People shouldn’t work preparing or serving food when they are sick because they may spread the illness. That’s become a food safety mantra, and yet outbreaks are repeatedly traced back to sick food workers – like the 300 who got sick with norovirus at the Haaaaarvard faculty club earlier this year after 14 food service employees were discovered to be working while sick. Or the 529 who got sick with norovirus at Heston Blumenthal’s Fat Duck restaurant last year, where again, the presence of sick food workers was cited as a contributing factor to the outbreak.

There’s a difference between saying what should be done – sick workers stay at home – and actually doing it – food service workers may get fired, whether they work with divas or in dives.

Medical doctors are the same.

The Associated Press reports more than half of doctors in training said in a survey that they’d shown up sick to work, and almost one-third said they’d done it more than once.

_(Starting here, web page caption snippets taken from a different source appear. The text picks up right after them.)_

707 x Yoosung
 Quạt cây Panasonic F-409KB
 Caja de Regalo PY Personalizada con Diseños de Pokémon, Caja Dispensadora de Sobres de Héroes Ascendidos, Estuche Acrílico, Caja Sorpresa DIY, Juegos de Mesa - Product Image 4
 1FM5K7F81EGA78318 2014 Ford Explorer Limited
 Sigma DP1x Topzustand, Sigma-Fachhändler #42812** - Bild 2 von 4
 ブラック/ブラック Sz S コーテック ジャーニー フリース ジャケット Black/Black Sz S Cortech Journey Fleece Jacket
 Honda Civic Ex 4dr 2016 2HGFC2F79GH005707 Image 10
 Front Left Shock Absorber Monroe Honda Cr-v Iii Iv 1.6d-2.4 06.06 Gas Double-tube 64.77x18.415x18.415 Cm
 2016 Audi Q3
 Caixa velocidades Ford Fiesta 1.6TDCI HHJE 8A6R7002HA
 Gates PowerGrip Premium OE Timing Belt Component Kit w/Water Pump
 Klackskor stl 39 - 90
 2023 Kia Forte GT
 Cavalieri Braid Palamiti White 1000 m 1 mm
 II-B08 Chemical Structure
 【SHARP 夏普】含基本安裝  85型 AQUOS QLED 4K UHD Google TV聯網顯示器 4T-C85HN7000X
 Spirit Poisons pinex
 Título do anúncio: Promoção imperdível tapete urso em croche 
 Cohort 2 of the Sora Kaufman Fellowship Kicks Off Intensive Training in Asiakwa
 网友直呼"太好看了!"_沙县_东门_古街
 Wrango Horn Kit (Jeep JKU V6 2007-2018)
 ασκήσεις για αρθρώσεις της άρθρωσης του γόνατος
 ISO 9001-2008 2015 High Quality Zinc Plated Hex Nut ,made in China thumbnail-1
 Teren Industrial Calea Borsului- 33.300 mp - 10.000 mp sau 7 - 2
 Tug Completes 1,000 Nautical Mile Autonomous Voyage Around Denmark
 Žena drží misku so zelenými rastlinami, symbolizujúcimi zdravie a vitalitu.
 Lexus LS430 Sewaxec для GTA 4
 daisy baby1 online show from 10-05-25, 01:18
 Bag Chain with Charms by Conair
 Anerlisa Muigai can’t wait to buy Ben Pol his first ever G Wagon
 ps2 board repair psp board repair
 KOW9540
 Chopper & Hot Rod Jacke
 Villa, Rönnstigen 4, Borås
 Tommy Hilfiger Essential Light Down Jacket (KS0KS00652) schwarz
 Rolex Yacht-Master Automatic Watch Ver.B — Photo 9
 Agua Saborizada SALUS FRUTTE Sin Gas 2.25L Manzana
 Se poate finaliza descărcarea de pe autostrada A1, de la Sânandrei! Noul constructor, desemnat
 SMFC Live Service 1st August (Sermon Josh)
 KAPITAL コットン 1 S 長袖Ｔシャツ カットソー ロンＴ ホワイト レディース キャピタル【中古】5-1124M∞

Dr. Anupam Jena, a medical resident at Massachusetts General Hospital in Boston, developed food poisoning symptoms halfway through an overnight shift last year, but said he didn’t think he was contagious or that his illness hampered his ability to take care of patients.

Jena, a study co-author, said getting someone else to take over his shift on short notice "was not worth the cost of working while a bit sick." He was not among the survey participants.

The researchers analyzed an anonymous survey of 537 medical residents at 12 hospitals around the country conducted last year by the Accreditation Council for Graduate Medical Education. The response rate was high; the hospitals were not identified.

The results appear in Wednesday’s Journal of the American Medical Association.

Nearly 58 percent of the respondents said they’d worked at least once while sick and 31 percent said they’d worked more than once while sick in the previous year.

Don’t cook when you’re crook

Does the headline mean, if you’re a convict, don’t cook? Lots of convicts cook. So I checked the dictionary where I found an Australian/New Zealand definition for crook: a situation that is bad, unpleasant, or unsatisfactory, or (of a person or a part of the body) unwell or injured : a crook knee.

It means if you’re sick, don’t work.

With the chill of winter well and truly upon us, the risk of viral gastro contamination heats up, (New South Wales, that’s in Australia, includes Sydney, and it’s what they would call winter right now) Primary Industries Minister Steve Whan warned today as he urged chefs and cooks to take care in the kitchen during the peak viral gastro season.

"This warning applies particularly to those food industry professionals who come into contact with the preparation and service of food for hundreds, if not thousands of people," Minister Whan said.

"If you’re crook don’t cook is a good basic rule to apply in the workplace."

"Under the Food Standards Code it is illegal for food handlers to handle food when they have gastric illness. It is also illegal for food businesses to knowingly have staff working if they have gastric illness.

"The NSW Food Authority is aware of cases where staff have been asked to work when they were sick, or have not told their supervisor they were sick, putting many people at risk.”